TABLE-US-00001 TABLE 1 master node map task scheduling table
Assigned Task File Start End worker nodes M1 F1 0 16 W1, W5 M2 F1 0
16 W2 M1 F2 16 32 W3 M2 F2 16 32 W4, W6
[0044] Map task M1 corresponds for example to calculation of the
average client age of clients in a client data base. Map task M2
corresponds for example to calculation of the number of female
clients. Worker W1 is to execute task M1 and must take an input
data segment from file F1, from bytes 0 to 16 Mbyte. Worker W2 is
to execute task M2 from the same file, same segment. Worker W3 is
to execute task M1 with as input data from file F2, segment 16 to
32 Mbyte. W4 is to execute task M2 with the same input data as
worker W3. Worker W5 is to execute a copy of task M1 that is
executed by worker W1, i.e. for speculative execution. Worker W6
speculatively executes the same task as is executed by W4.

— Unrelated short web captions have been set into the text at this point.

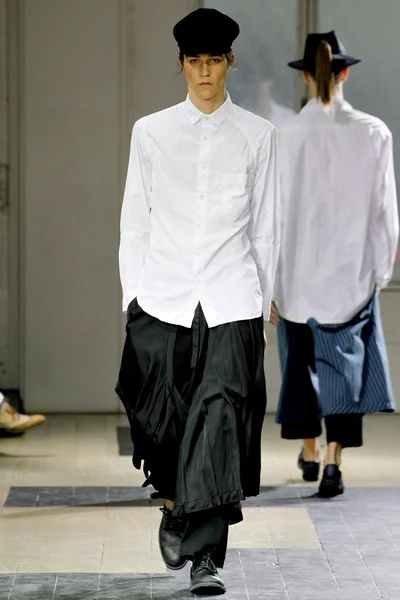 Look 3
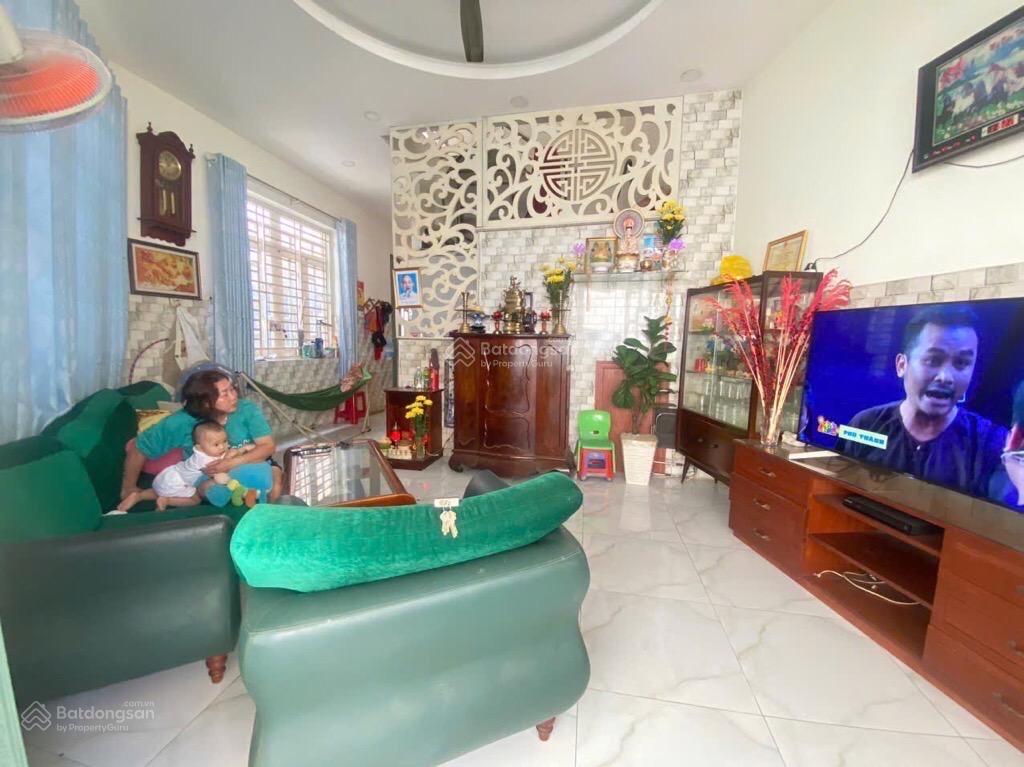 Hiếm- Căn góc 2 mặt tiền hẻm xe hơi Q2 giá rẻ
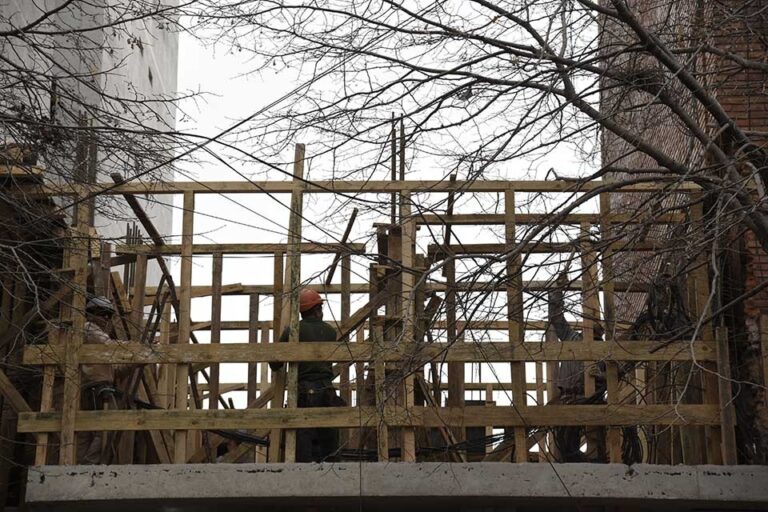 Histórica caída de la construcción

[0045] FIG. 4 is a flow chart diagram of a prior-art implementation
of step 304 of FIG. 3. Step 304a represents a step wherein map
tasks are started. The input of step 304a is arrow 3001, coming
from step 305. The output is arrow 3000, towards the input of step
303.
[0046] In a step 3040, it is verified if all tasks have been
started. If this is not the case, not yet started tasks are started
in a step 3041, and step 304a returns to step 303. If all tasks
have been started, it is verified if the tasks have been started
several times in a step 3045 (i.e. speculative execution). If not,
tasks that have not yet been speculatively executed and that have
not yet finished are started simultaneously on idle worker nodes,
i.e. these tasks are speculatively executed in a step 3046 (the
notion of speculative execution has been discussed previously),
thereby increasing the probability that time is gained; and step
304a continues to step 303. If, in step 3045 it is verified that
all tasks have been speculatively executed several times, step 304a
continues with step 303.
[0047] Starting of a task on a worker is done by the master that
instructs a worker to fetch the task (i.e. the function/program to
execute) and its input data. For example, referring back to Table
1, the master instructs worker node W1 to execute map task M1, and
to take its input data from file F1, segment 0 to 16 Mbyte; the
process is identical for the other map tasks.
[0048] FIG. 5 is a block diagram that represents tasks running on
workers processing input data. In particular, it represents tasks
T1 (500), T2 (503), T3 (510), and T4 (513), running on worker nodes
W1, W2, W3 and 4 respectively (the distribution of one task per
worker node is not meant to be limitative but is a mere example; a
worker node can execute multiple tasks according to its
configuration and performance) and files F1 (502) and F2 (512) that
comprise segments 505, 506 respectively 515 and 516. Inside the
blocks 500, 503, 510 and 513 that represent the tasks, is shown a
process that reads input lines from a file at the emplacement of
the read pointer and that executes a program/function (e.g.
`avg_age`, or `female_clients`) to which is passed the input line
that is read. Arrows 501, 504, 511 and 514 represent read pointers.
The program/function "read_entry" reads the input data file until
the segment end; for example, T1 from 0 until segment end at 16
Mbyte, and T2 from 16 to 32 Mbyte.
[0049] FIG. 6 is a flow chart of a step 304 of FIG. 3 according to
an alternative embodiment, that illustrates a particular
non-limiting embodiment of the invention.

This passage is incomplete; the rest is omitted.